Allen Gwinn is not an angry blogger. Unlike other citizens who take their malcontent to the nearest Internet connection and bludgeon away, Gwinn maintains a web site, Dallas.org, that is cool, restrained, overwhelmingly fact-driven. Gwinn is the Microsoft Excel of citizen journalists. In fact, he often lets his spreadsheets tell his narratives. His databases broke the story that the Dallas Independent School District misused its Visa procurement cards a full year before the Dallas Morning News got to it. He’s published the cell phone bills of trustee Ron Price and refuted inconsistent statements Price made to the 2005 Woodrow Wilson High graduating class. In December, the local media freaked out when Gwinn posted the receipts of City Hall’s credit card purchases, sure that Gwinn had just done to 1500 Marilla St. what he’d previously done to the DISD. (Alas, no similar scandal emerged.)

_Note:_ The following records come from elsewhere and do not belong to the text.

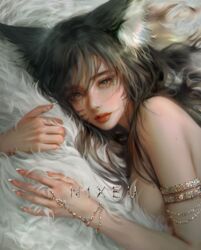 1girls ahri breasts female female_only fluffy fluffy_tail fox_ears fox_tail hi_res hugging_tail league_of_legends light-skinned_female light_skin medium_breasts nixeu nude nude_female painting_(artwork) realistic sideboob rating:Explicit score:142 user:deleted8863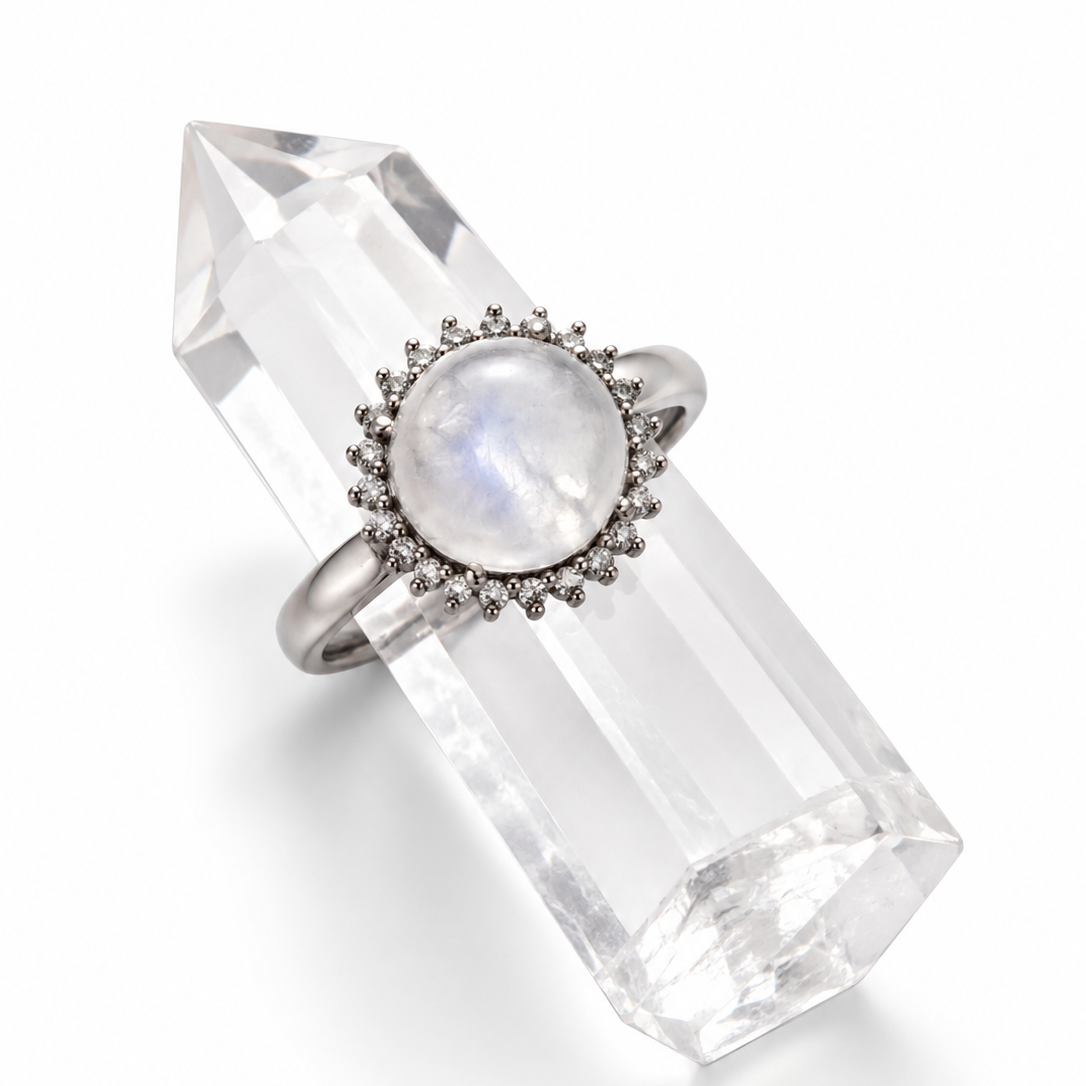 Moonstone Halo Ring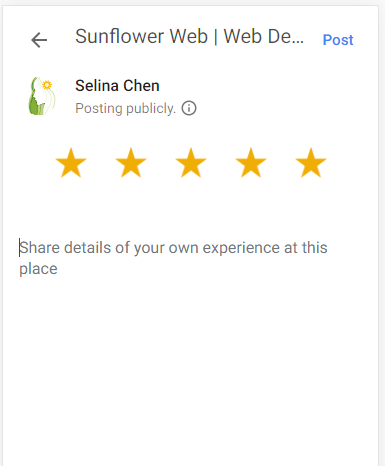 How to leave a google review from mobile - step 4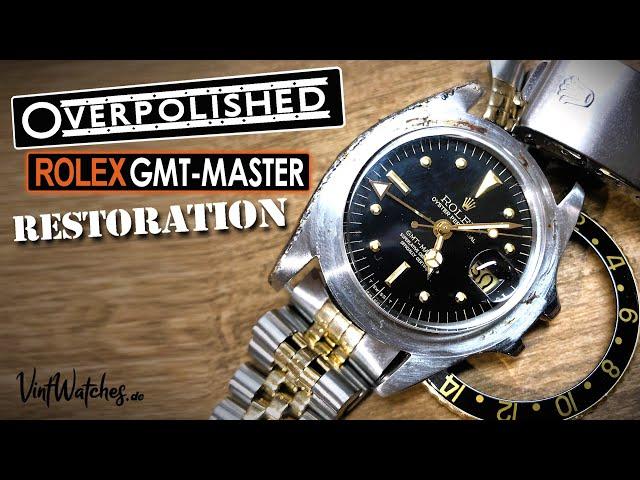 Overpolished Rolex GMT-Master Restoration - Jubilee Stretch Repair, Laser Welding, Lapping - ASMR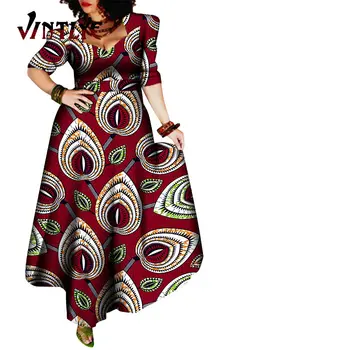 Afrikos Stiliaus Suknelės Moterims, Elegantiškas Vakare Chalatai Afrikos Šalis Maxi Suknelė Ankara Gėlių Spausdinti Skraiste Africaine Femme WY092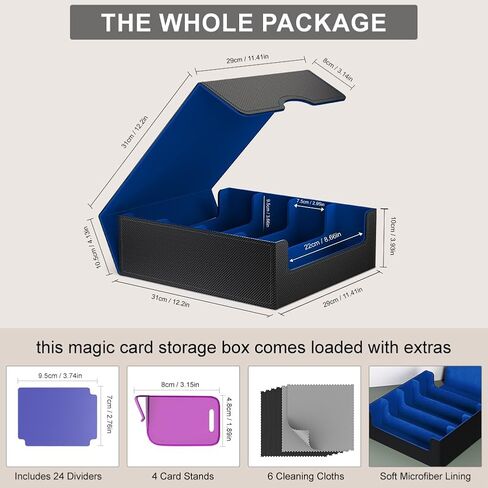 Trading Card Storage Box (3000+ Cards Capacity) – Magnetic MTG Deck Box, Waterproof PU Leather, Thickened Material – Includes 24 Dividers, 4 Card Stands, 6 Cleaning Cloths – Card Box for TCG & YuGiOh in Saudi Arabia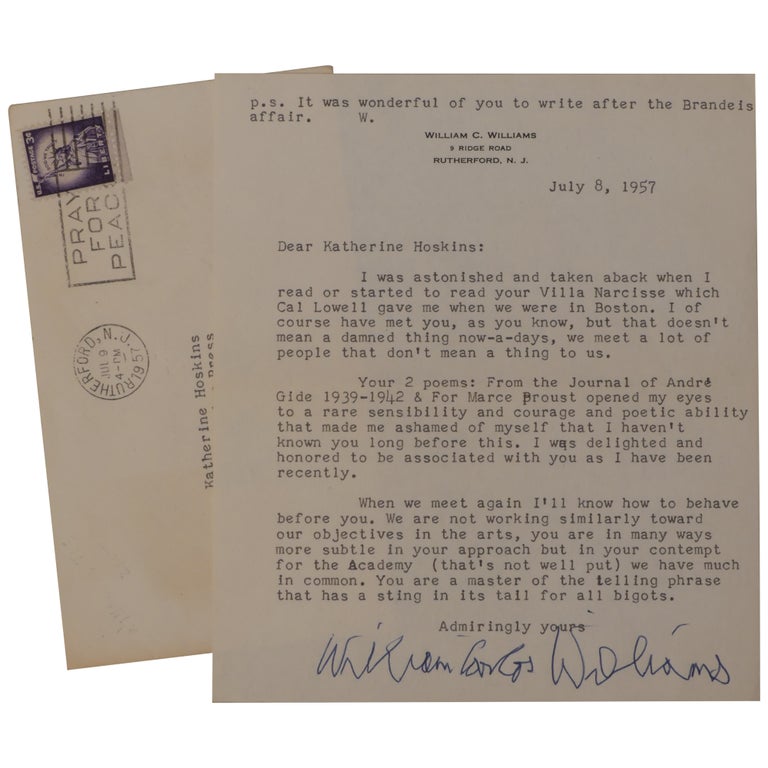 Item No: #360743 [Praise of the Poet Katherine Hoskins in a Typed Letter, Signed]. William Carlos Williams.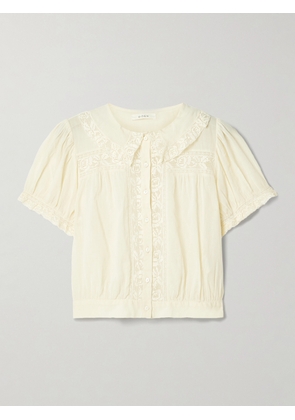 DÔEN - Skylark Cropped Lace-trimmed Organic Cotton-voile Top - Neutrals - xx small,x small,small,medium,large,x large,xx large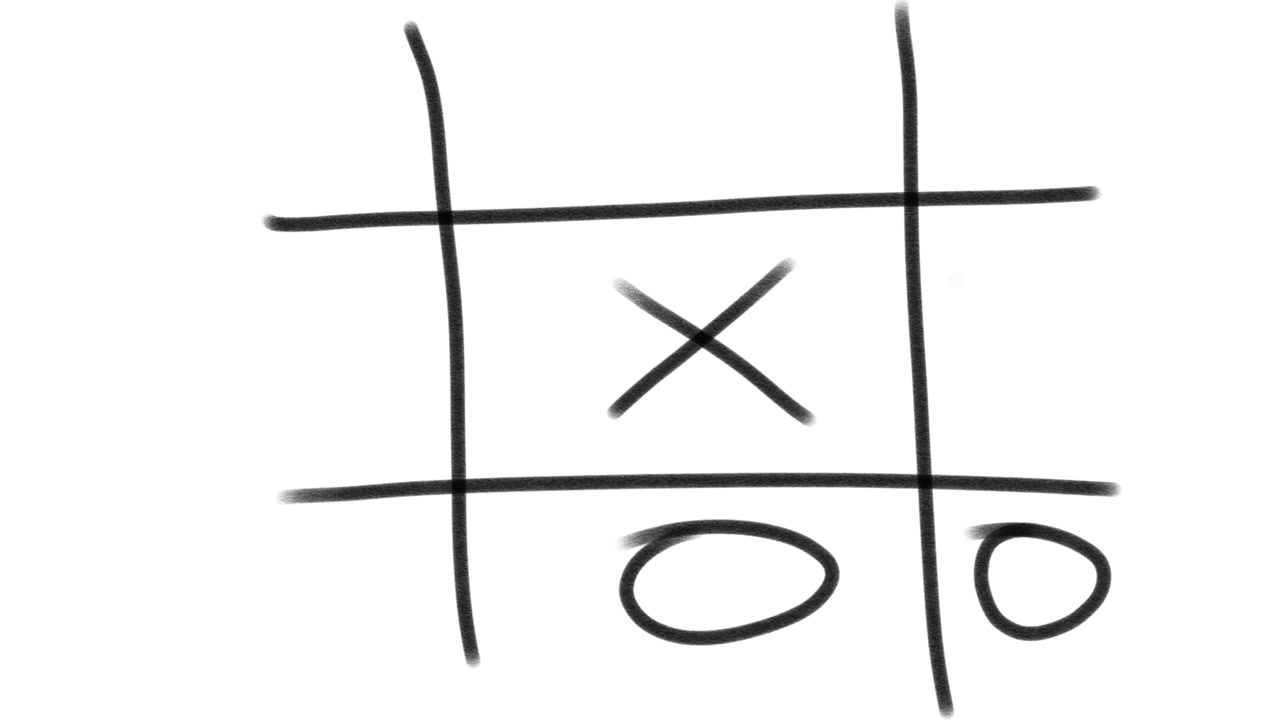 Kryds og bolle-spil animation på hvid baggrund.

Perhaps no blogger gets more attention for his efforts—certainly no one who isn’t already a journalist. Gwinn works as a technology director at the Cox School of Business SMU, which he also attended. So that’s 50-plus hours a week before he considers his web site. “And I go to great lengths to separate the two because I never want it to become an issue,” Gwinn says. “I sleep very little.”

His wife Terri says starting the site “had a lot to do with him becoming a parent.” (Their children are now 13 and 10.) But not everyone loves his activism. Ron Price says what Gwinn does is “unfair and unjust.” Gwinn cares little for nuance, Price says, citing as example Gwinn still calling him a “wife beater” based on a 2001 misdemeanor assault charge for pushing a screen door that hit his ex-wife. Dallas City Manager Mary Suhm says responding to Gwinn’s credit card database “is my job,” but adds, “I just wish that instead of assuming that there was bad stuff going on, there would have been people asking questions.”

Gwinn, calling himself “just a gadfly,” doesn’t see it that way. He’s fine with others taking what he’s found and repackaging it—as many news organizations have done. After all, he’s got another job.